In a recent article in AMERICA, Drew Christiansen, S.J., the editor in chief of America, reflects on the powerful spiritual encounter one experiences in visiting the church of St. Peter in Gallicantu in Jerusalem. This site is believed to be Caiaphas’ palace and where Jesus’ trial and Peter’s denial took place.
The current church is of special significance to the Assumptionists, as it was built by Fr. Etienne Boubet, A.A. in 1920s and was magnificently renovated by Fr. Robert Fortin, A.A. between 1994 and 1997. Pilgrims from around the world who visit St. Peter’s are profoundly touched by its biblical importance and the beautiful art which calls them to repentance, contrition and conversion. As the author states, “St. Peter Gallicantu is special among holy places because step by step it offers so many opportunities to enter into Christ’s passion…”
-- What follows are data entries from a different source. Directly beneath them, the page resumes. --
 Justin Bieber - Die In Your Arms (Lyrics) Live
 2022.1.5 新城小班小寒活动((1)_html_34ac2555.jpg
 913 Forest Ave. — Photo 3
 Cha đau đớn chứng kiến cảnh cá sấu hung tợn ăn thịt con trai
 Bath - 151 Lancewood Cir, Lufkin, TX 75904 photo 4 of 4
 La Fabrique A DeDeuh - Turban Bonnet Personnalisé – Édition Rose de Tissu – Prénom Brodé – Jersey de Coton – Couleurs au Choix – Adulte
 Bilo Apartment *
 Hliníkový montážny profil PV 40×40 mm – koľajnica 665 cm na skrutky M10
Walk Into Repentance By Drew Christiansen America, The National Catholic Weekly January 24-31, 2011
Said to be the site of Caiaphas’s palace, Jesus’ trial and Peter’s denial, there has been a church at the site of Saint Peter in Gallicantu—Saint Peter Where the Cock Crowed—since Byzantine times. The current church was built by the French Assumptionist Étienne Boubet in 1931. In the 1990s it was beautifully renewed by Robert Fortin, an American Assumptionist who was rector, and the Palestinian Christian architect Samir Kandah. In keeping with the commemoration of St. Peter’s denial, a constant theme in the church’s art is repentance. A walk within the church takes one deeper and deeper into the spirit of contrition. There is no place quite like it.
On the upper level, Father Boubet designed the church in shades of violet and green, colors of repentance, and with little natural light. The altar is flanked by images of penitent saints, including the “good thief,” Dismas, and St. Mary of Egypt. On the second level, an extraordinary, blue-tinted bronze of the Suffering Servant invites visitors to contemplate the prophecies of Isaiah fulfilled in Jesus. Committed pilgrims should avoid the impulse to move ahead with the crowd and instead take time to meditate there on Isaiah’s Servant Songs, whose enactment began in this place.
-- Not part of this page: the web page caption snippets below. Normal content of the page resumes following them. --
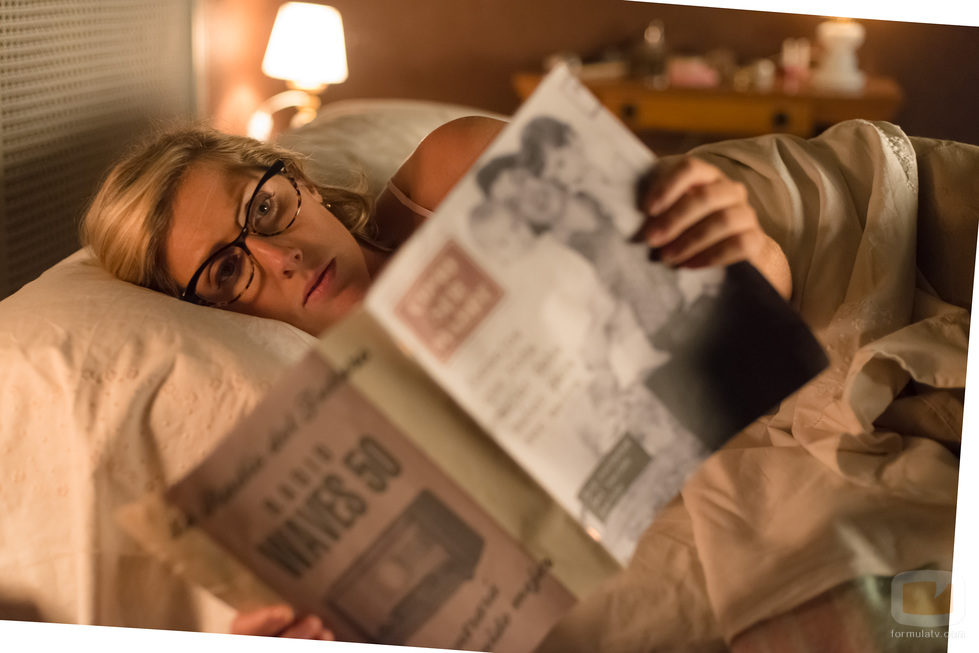 Rita está tumbada en la cama mirando la revista en 'Velvet'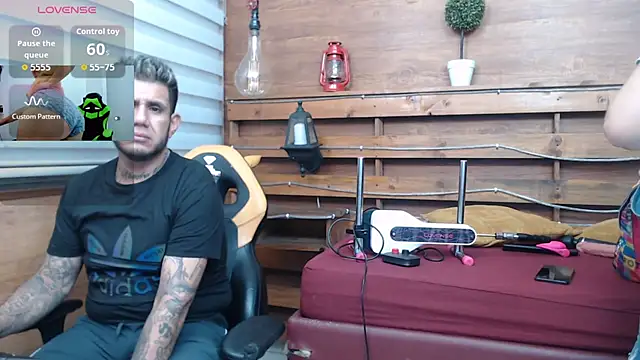 Snapshot of allison_max_tattoo chatting on 02-25-26, 01:15 allison max tattoo online show from 02-25-26, 01:15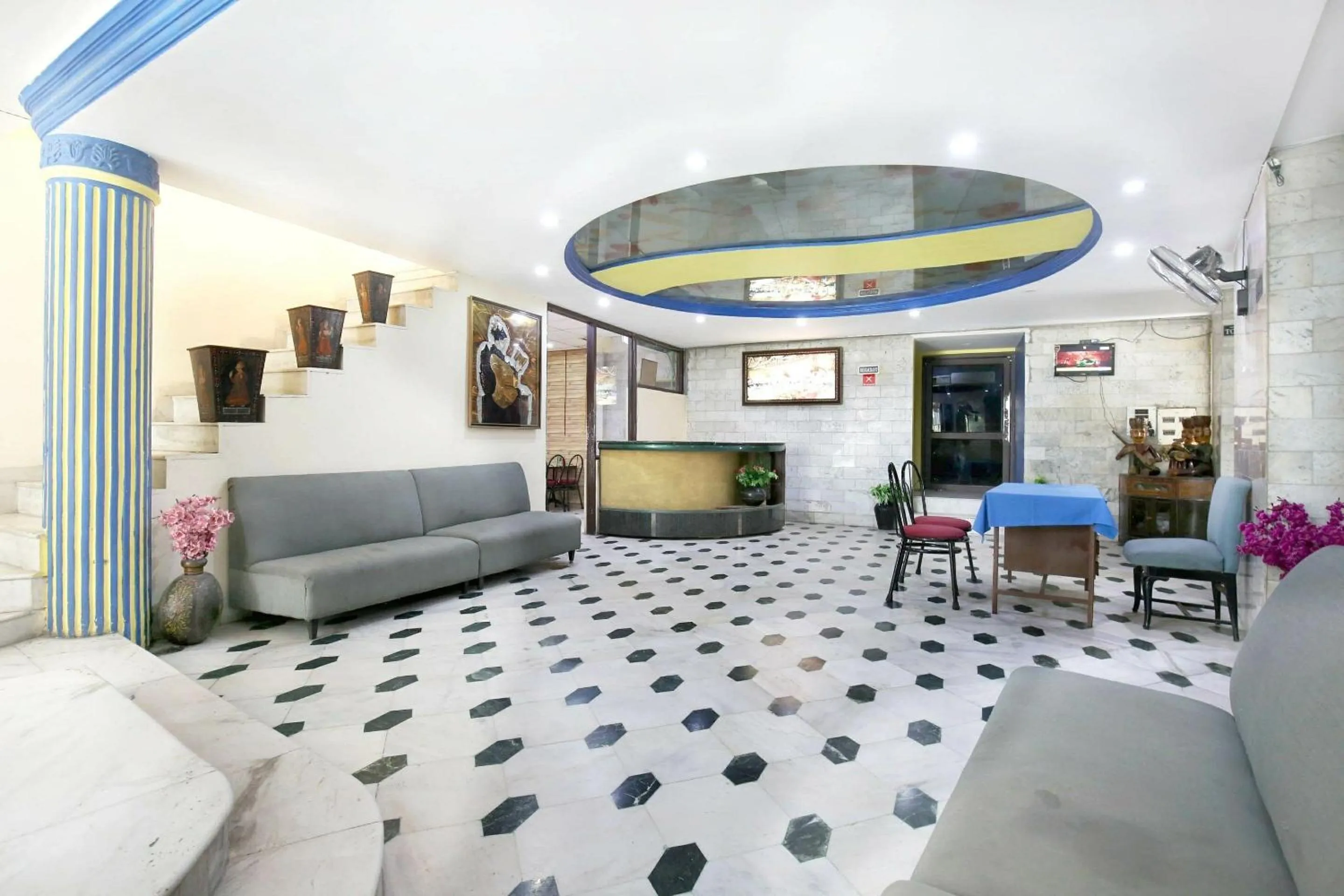 Lobby or reception in Hotel O Rajmahal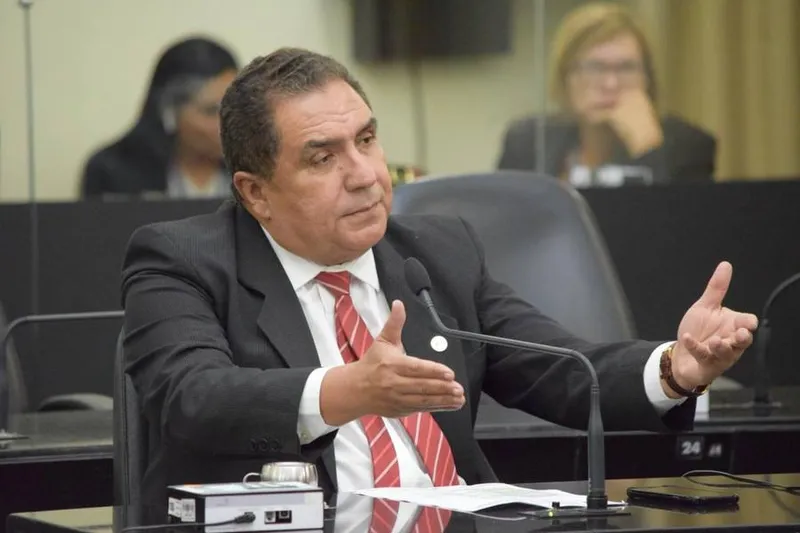 Inácio Loiola se posiciona contrário à politica de privatizações em Alagoas, especialmente ao processo da Casal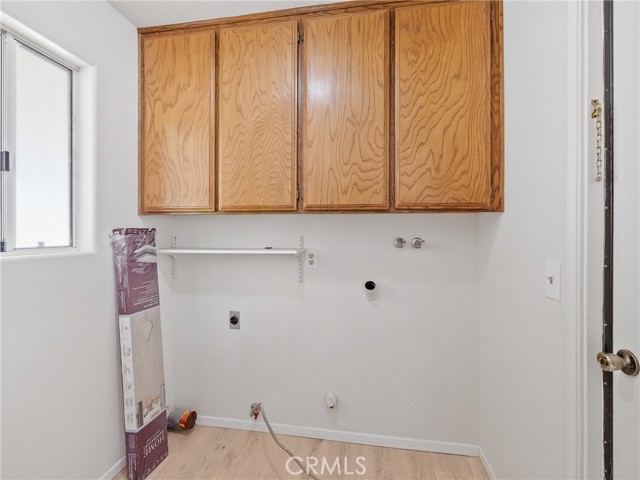 Detail Gallery Image 11 of 41 For 15464 Erie Rd, Apple Valley,  CA 92307 - 3 Beds | 2 Baths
Opposite the statue, a stairwell leads to a crypt chapel, where living stone flows into a white marble sanctuary. Three paintings in modern iconic style adorn the space. To the left, with a cock looking down from a pillar, a handcuffed Jesus gazes on Peter after his denial; in the center Peter weeps over his denial; and to the right one sees reconciliation as Jesus asks, “Peter, do you love me?” In the lower chapel, pilgrims cannot but reflect on their own failures to be true to Christ.
The walk then takes pilgrims into the rock below the church, to a cistern that was deepened into a holding cell. Its walls have been inscribed with crosses by centuries of pilgrims who have descended to the place where Jesus is said to have been held prisoner the night before his death. In this bleak setting, the custom is to recite Psalm 88, from which I have excerpted here verses 4 and 6:
For my soul is full of troubles, and my life draws near to Sheol, I am reckoned among those who go down to the Pit…. Thou hast put me in the depths of the Pit, in the regions dark and deep.
A psaltery presents the prayer in more than 80 languages. When the recitation is complete, guides sometimes plunge the cell into a chilling darkness.
In “the Pit,” as pilgrims experience the depths of Christ’s abandonment, their walk of repentance runs its course. St. Peter Gallicantu is special among holy places because step by step it offers so many opportunities to enter into Christ’s passion and to stir up repentance in the heart.